Colorizing the Prokudin-Gorskii Photo Collection

11-747 Learning-based Image Synthesis Manuel Rodriguez Ladron de Guevara


process Harvesters. Animated process of the pyramid alignment algorithm.

Overview

The goal of this assignment is to take the digitized Prokudin-Gorskii glass plate images and produce a color image using image processing techniques, aiming to have as few visual artifacts as possible.

The input of the process is a digitized glass plate image that consists of 3 separate channels ordered from top to bottom as BGR as shown in Figure 1. Our job is to separate the 3 channels and align them as better as possible. The question is how to align them efficiently?. The straight-away inefficient approach is to search over all possible displacements until we find best alignment. This is prohibitively expensive for large images—images with one of the dimensions larger than 3000px.

Cathedral Figure 1. Digitized Glass Plate .

Search Methods

Each alignment gets a score using some image matching metrics. For this assingment, I explored Sum of Squared Differences (SSD), Normalized Cross Correlation (NCC), and Peak Signal-to-Noise Ration (PSNR) functions. The objective is to maximize or minimize one of these functions by searching which array configuration finds the highest or lowest value.

Sum of Squared Differences SSD is calculated based on the following equation: $$ SSD = \sum_{x,y} (I_{x,y} - H_{x,y})^2 $$ where $I$ and $H$ are the two arrays and $x,y$ are pixels corresponding to the height and width dimensions respectively.

Normalized Cross Correlation NNC is calculated based on the following equation: $$ NCC = \frac{\sum_{x,y} (I_{x,y} - \mu I) (H_{x,y} - \mu H) }{\sqrt {\sum_{x,y} (I_{x,y} - \mu I)^2} \sqrt{\sum_{x,y} (H_{x,y} - \mu H)^2}} $$ where $\mu I$ and $\mu H$ are the luminance of each image.

Peak Signal-to-Noise Ration PSNR is calculated based on the following equation: $$ PSNR = 20 * \log_{10} { \frac{p_m}{\sqrt{\sigma{IH}}}} $$ where $\sigma{IH}$ is the mean of squared error function between the two images and $p_m$ is the maximum pixel intensity.
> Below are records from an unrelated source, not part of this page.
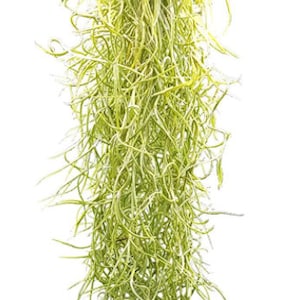 Tillandsia usneoides, Air Plants, Spanish Moss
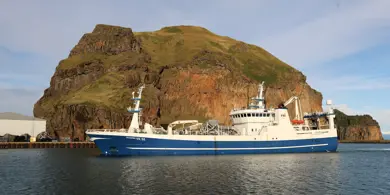 709A83341
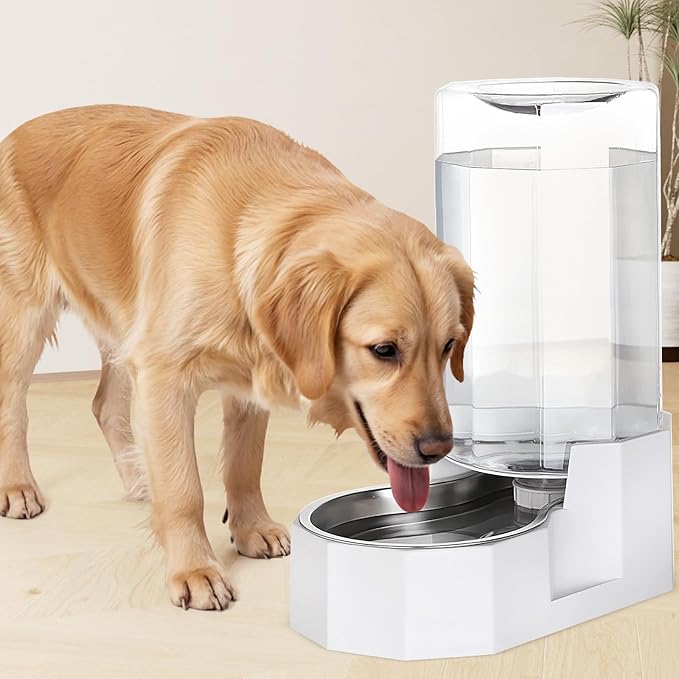 Sfozstra Automatic Pet Water Dispenser: 8L White Gravity Stainless Steel Water Bowl - with Specialized Brush - Angular Water Feeder for Senior Pet Dogs with Neck Pain Relief in Living Room Bedroom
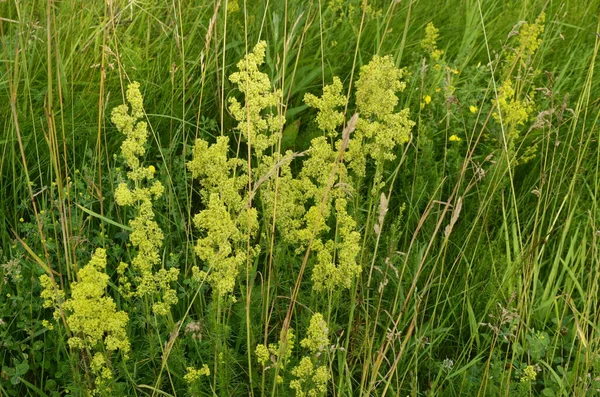 Securigera Coronilla Varia Blüht Wicken Lila — Stockfoto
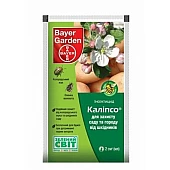Прованто Вернал (Калипсо к.с.)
To make an efficient algorithm, the assignment already suggests to use an image pyramid—downsampling the image n times by a factor of 2—and do the search over the new set of lower resolution images. Having the image pyramid algorithm as a backbone for this project, I propose two different approaches, besides exhaustive searching over the whole pixel space.

Exhaustive Search The exhaustive search is the easy way out solution for small images, since the time complexity of the search spaces is $O(P)^2$, and consists of iterating over the rows and cols of the image array and computing a metric that compares such two array configurations.
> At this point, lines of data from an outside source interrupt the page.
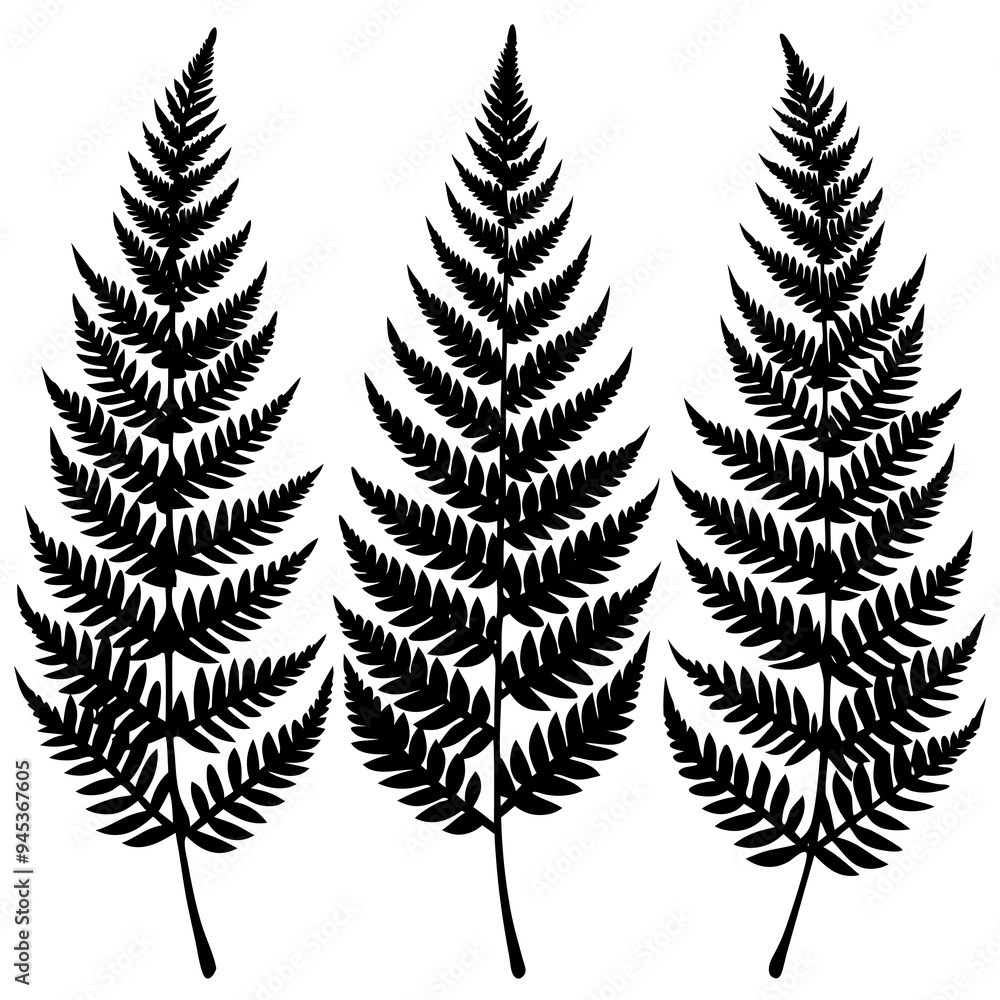 A pack of fern leaf silhouettes 3 vector illustration A pack of fern leaf silhouettes 3 vector illustration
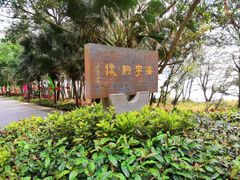 -宋井风景区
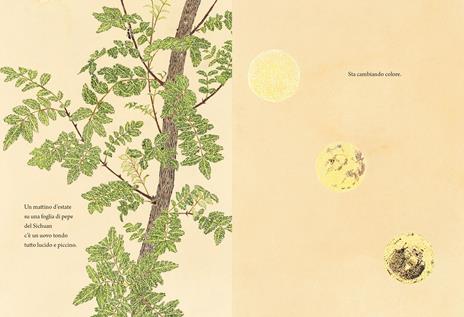 La trasformazione del bruco - Suzuko Momoyama,Takenari Inoue - 2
Image Pyramid Search This is an efficient search algorithm that generally yields good results in less than 60 seconds for high resolution images—up to 9000 pixels. As mentioned above, this algorithm scales down the image by a factor of 2 n times, being n an automated parameter based on the input image resolution. Given an initial window search, the algorithm searches from coarse to fine images, within the reduced window size, which decreases by a factor of 0.8 as the images become larger. Window size is a hyperparameter.
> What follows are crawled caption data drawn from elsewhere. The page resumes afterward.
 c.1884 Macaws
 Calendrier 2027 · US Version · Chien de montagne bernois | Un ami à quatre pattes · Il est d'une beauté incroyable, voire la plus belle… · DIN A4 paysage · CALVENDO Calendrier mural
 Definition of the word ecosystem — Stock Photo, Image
Evolutionary Search I propose a novel approach to search the best alignment, inspired by the Darwinian theory. This black-box optimization algorithm consists on treating the search space as a multivariate Gaussian, with varying mean and covariance matrix. The algorithm starts with a population $P$, initial $\mu=0$, and initial covariance $100I$. We select elites by keeping a fraction of the population of $10\%$ at each iteration, and noise $\epsilon$ is added to covariance at each step: $0.25I$. We optimize the different metrics mentioned above. We let the algorithm run for 10 periods each time and set an initial Gaussian variance of $\sigma = 10$, which decreases by a factor of $0.9$ at each pyramid level. We optimize using the following equations: $$ \mu_{t+1} \leftarrow \frac{1}{el_s}\sum_{i-1}^{el_s} \theta_t^{(i)}, \;\;\; \sum{t} \leftarrow Cov (\theta_t^{(1)}, ..., \theta_t^{(el_s)}) + \epsilon I, $$ where $el_s$ is the elite size and $\theta_t^{(i)}$ denotes the i-th best parameters from the previous iteration and $\epsilon \in \mathcal{R}$ is a small constant.

Bells & Whistles

We introduce various improvements over our baselines.

Automated Edge Cropping Natural to the glass plates is to have artifacts along the borders. While for the baselines we do not touch the edges of the images, here we detect edges automatically by applying an intensity threshold at rows and columns near the image limits. To alleviate a potential til of the edges, instead of looking at values of single rows or cols, we look at multiple and compute a threshold within the various rows or cols.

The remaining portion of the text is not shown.